The Paso, like most other Ducatis over many years proved that the story of a good road bike has many chapters and not just the one about power output... this was still a time when Japanese superbikes were being furiously reincarnated, each more monstrous and muscular than before, in the rather pointless battle for dyno output and standing quarters. Bike magazines were largely obsessed with top speeds, wheelies and scorching rubber (sadly some still are!). The Paso mightn't have scored very highly in terms of sheer BHP but it delivered the goods on the road where it actually mattered and there were a number of occasions when much bigger fish couldn't catch it or match it. It went about the business with swiftness and agility and not brute force.

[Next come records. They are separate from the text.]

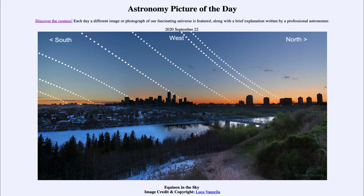So that was our picture of the day for September the 22nd of 2020, titled 'Equinox in the Sky.' We'll be back again tomorrow for the next picture. So until then, have a great day everyone, and I will see you in class.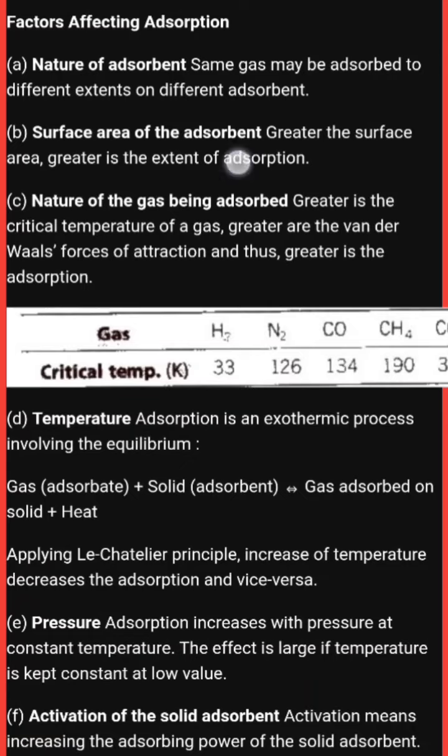The third factor is the nature of the gas being adsorbed. Greater is the critical temperature of the gas, greater are the van der Waals forces of attraction, and thus greater is the adsorption. This means adsorption also depends on which gas is being adsorbed.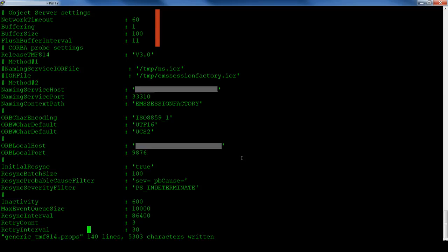To improve the probe's behavior with the object server connection, set the network timeout to a suitable value. This will allow the probe to notice if the object server becomes unresponsive. You can also enable store and forwarding if required.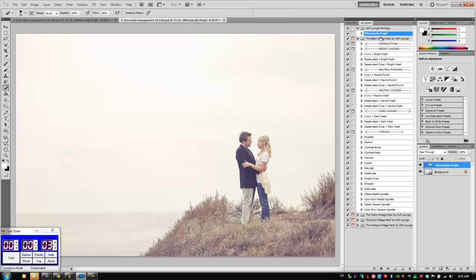So that's it for the Whimsically Bright action guys. Hope you guys enjoyed this tutorial and we'll see you with the next 30 second Photoshop edit.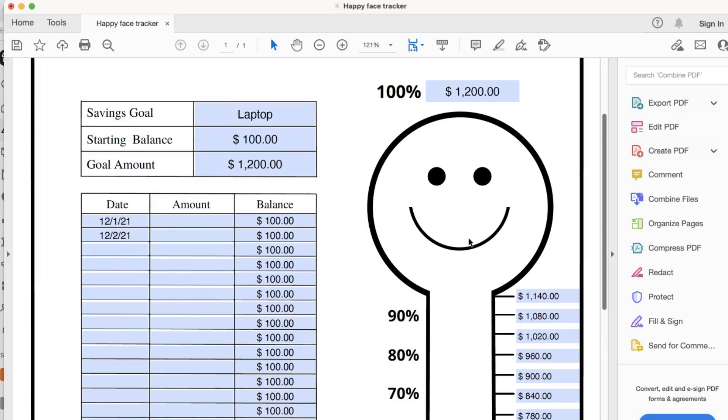In version two, only the thermometer is calculated for you when you enter the Savings Goal up here at 100%. Choose the one that suits you the best.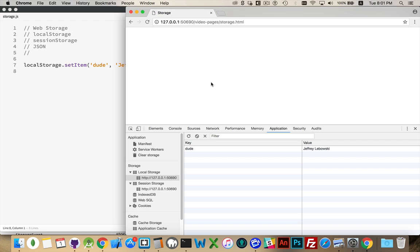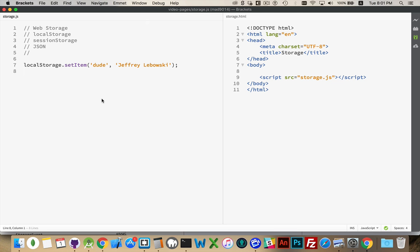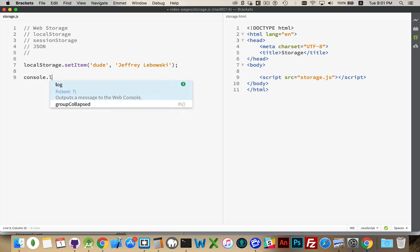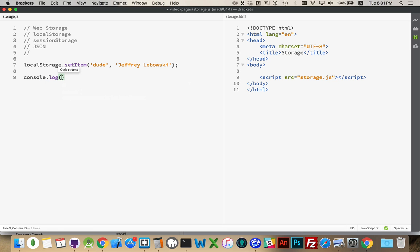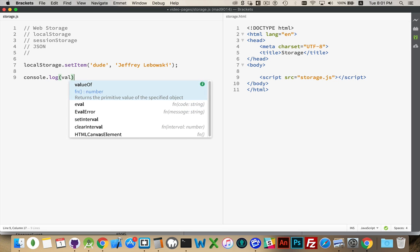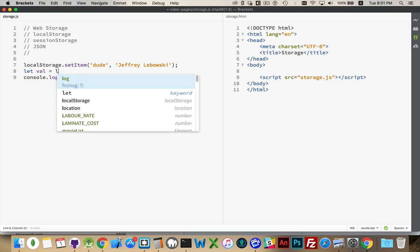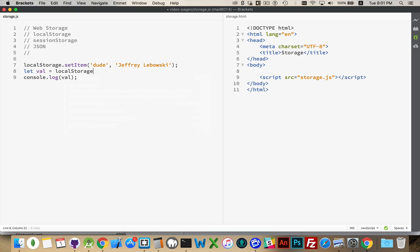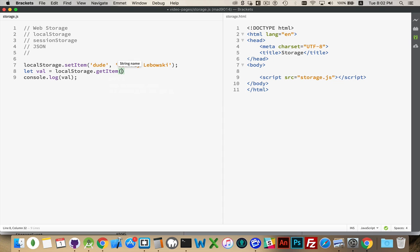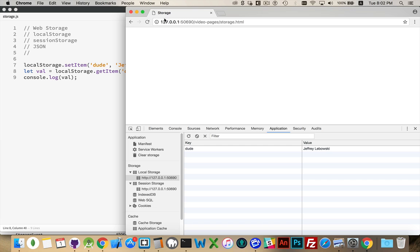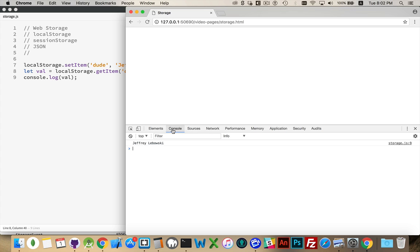So I refresh this. There we go. There's the key. There's the value. If I ever want to retrieve this, I'm going to be logging that out. And I'm going to retrieve from local storage, getItem. And I want to get the one called dude console.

This was a time when Ducati was making a major comeback both on the race track and in the showrooms. The big 'Dukes' proved beyond question that it was possible even in the 'nineties for twins not only to be competitive on the track but to win hands down against multi-cylinder opponents from any stable. I went to Donnington on my Paso in 1990 and watched the Ducatis snort their way to victory to applauding crowds and there was something rather glorious about hearing the staccato bark of a Vee-Twin on song as opposed to the tortured wail of the big fours. Clearly Ducati played the right note with this well timed comeback as within a couple of years Suzuki, Yamaha and Honda all appeared with Ducati clones and lookalikes in their showroom line-up. I'm glad to be able to say I owned a real one!


In true thoroughbred style, the Paso was not without its faults. (Or is that character?) Two maladies plagued it and seriously detracted from the overall pleasure of owning it. The first was the electrics. Apparently this has always been a bugbear of Italian motorcycles. When it rained weird things happened. The front sparking plug was directly in line with the tyre and so all of the water thrown backwards was sprayed directly on to it. This regularly caused misfiring and difficult re-starting. Not far from this point on the engine was the sender for the oil pressure warning lamp which would come on in the rain. The first time this happened was when the bike was only a few weeks old and I thought that the oil pump had failed. After a worried dealer stripped the engine it was discovered that the fault was in fact a simple case of electrical shorting and their answer was to cover the sender unit and cable in Blue-Tack! (Perhaps a neat roadside 'fix' but hardly a solution).

The other problem the bike had was that of carburation. At speed it was perfect but in traffic queues it was simply dreadful. It was near impossible to ride the bike slowly and smoothly. At low speeds it would grunt and snatch and stall. Pretty embarrassing really. I'm reliably informed by experts that the dual barrel Weber carb it originally shipped with was later replaced by a Japanese Mikuni unit. I read in a bike magazine some time afterwards that Mikuni carbs were part of the original Paso specification but some sort of bureaucracy prevented it from having them in the first place. Is this the case? If anyone knows please do email me. I'd ike to know.

Although I really liked this bike as a weekend toy I also needed a bike to go to work on - it was my only means of transport - and this was the wrong bike for that. The dream was over and I woke up - so I eventually decided to climb down from exotica and go back to a Honda.